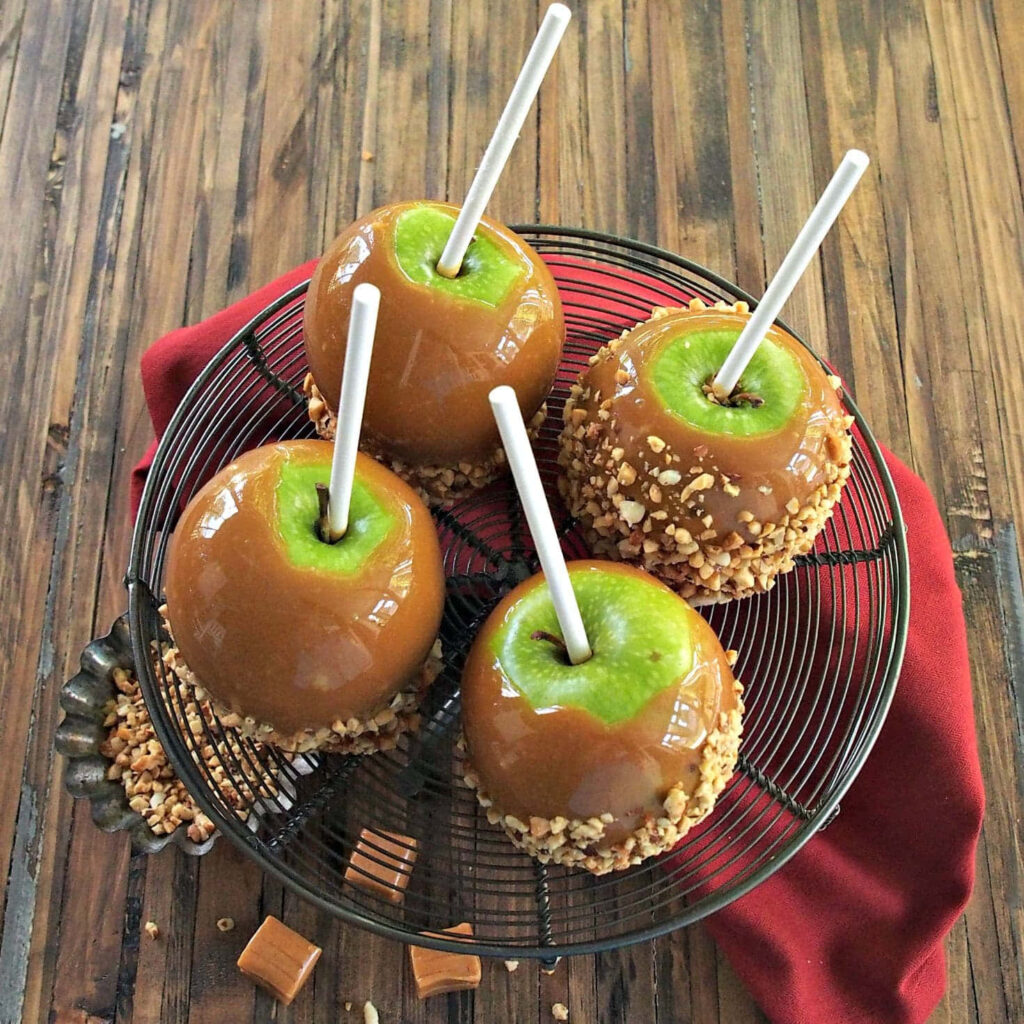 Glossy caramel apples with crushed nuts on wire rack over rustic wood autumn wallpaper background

++++++

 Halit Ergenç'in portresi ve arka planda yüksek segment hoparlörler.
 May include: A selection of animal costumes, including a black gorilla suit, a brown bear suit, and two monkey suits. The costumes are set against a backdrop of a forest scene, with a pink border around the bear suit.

++++++

**PROBLEM**:
Within the listing above, extract exactly the lines from the line with "Halit Ergenç'in portresi" to the line with "May include: A", the two named lines included, and no others.

**FINISHED EXERCISE**:
 Halit Ergenç'in portresi ve arka planda yüksek segment hoparlörler.
 May include: A selection of animal costumes, including a black gorilla suit, a brown bear suit, and two monkey suits. The costumes are set against a backdrop of a forest scene, with a pink border around the bear suit.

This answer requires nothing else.